» Provided information:
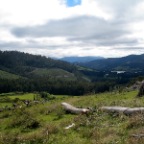 swamp rd again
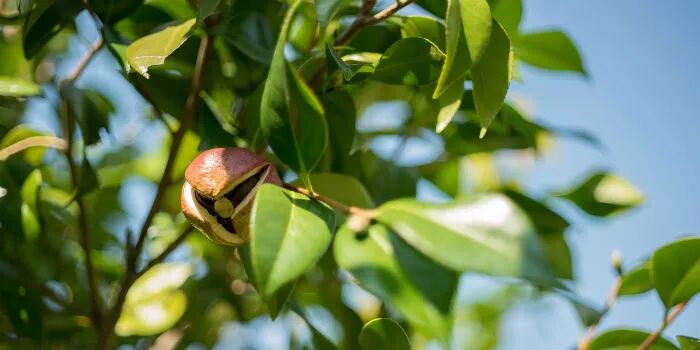 油茶企业大三湘的破局之路：布局油茶产业互联网 与本来生活网共建产业链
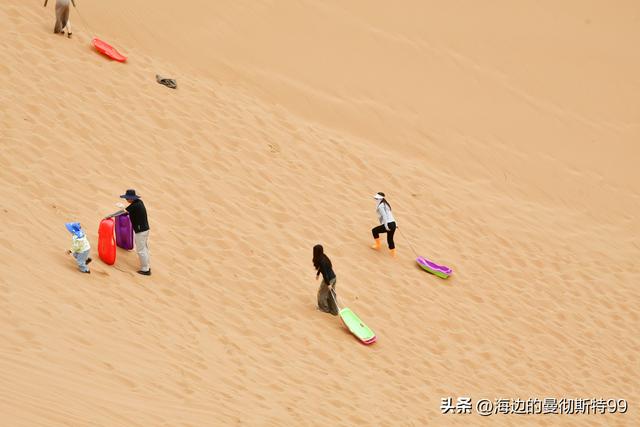 海边游记｜沙海狂飙与绿洲寻踪：内蒙古腾格里沙漠一日“历险记”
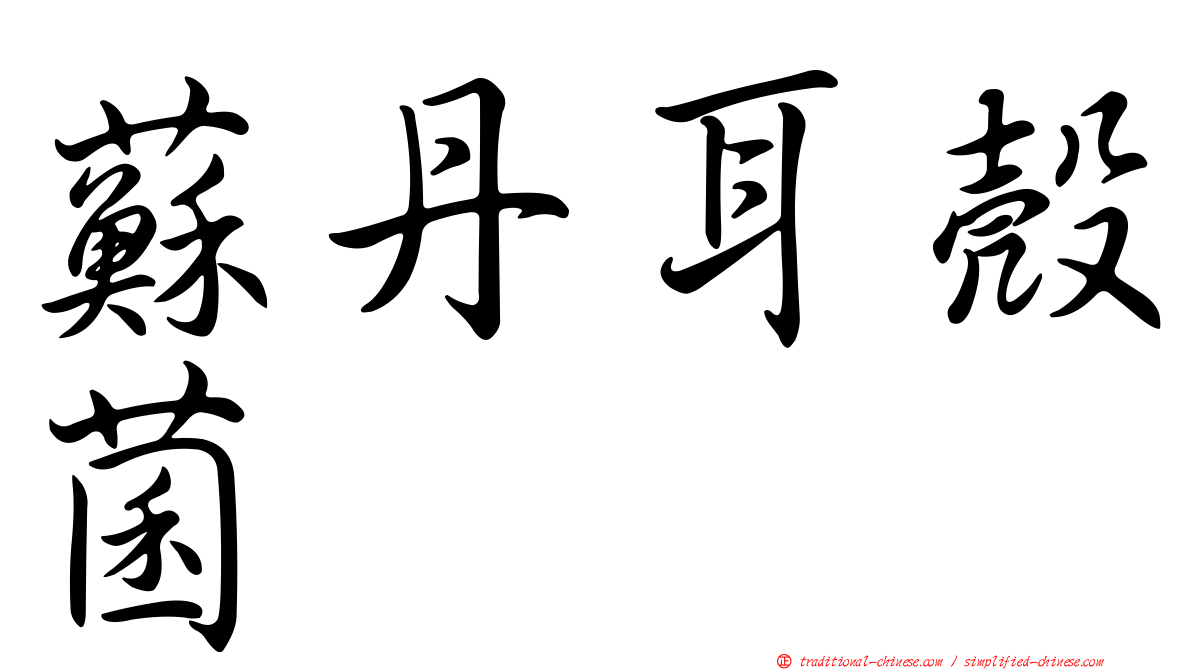 蘇丹耳殼菌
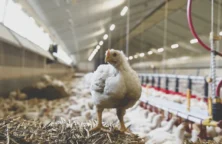 LDC : une valorisation encore abordable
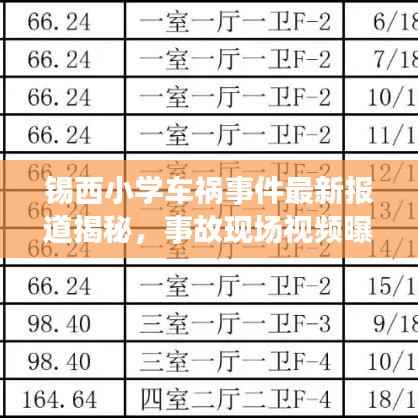 锡西小学车祸事件最新报道揭秘，事故现场视频曝光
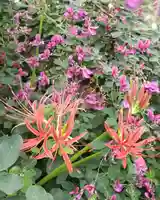 沙沙貴神社の自然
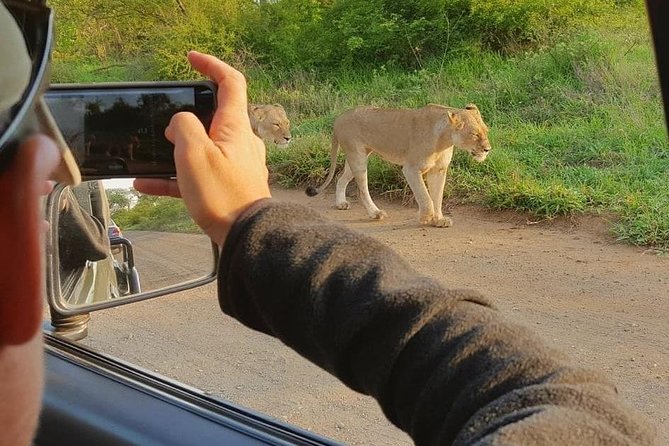 Safaris in Kruger National Park Full Day - Inclusive Tour Details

» What you are asked to do: Whenever a picture appears, leave it out, and return every record exactly.

» Solution for this problem:
 swamp rd again
 油茶企业大三湘的破局之路：布局油茶产业互联网 与本来生活网共建产业链
 海边游记｜沙海狂飙与绿洲寻踪：内蒙古腾格里沙漠一日“历险记”
 蘇丹耳殼菌
 LDC : une valorisation encore abordable
 锡西小学车祸事件最新报道揭秘，事故现场视频曝光
 沙沙貴神社の自然
 Safaris in Kruger National Park Full Day - Inclusive Tour Details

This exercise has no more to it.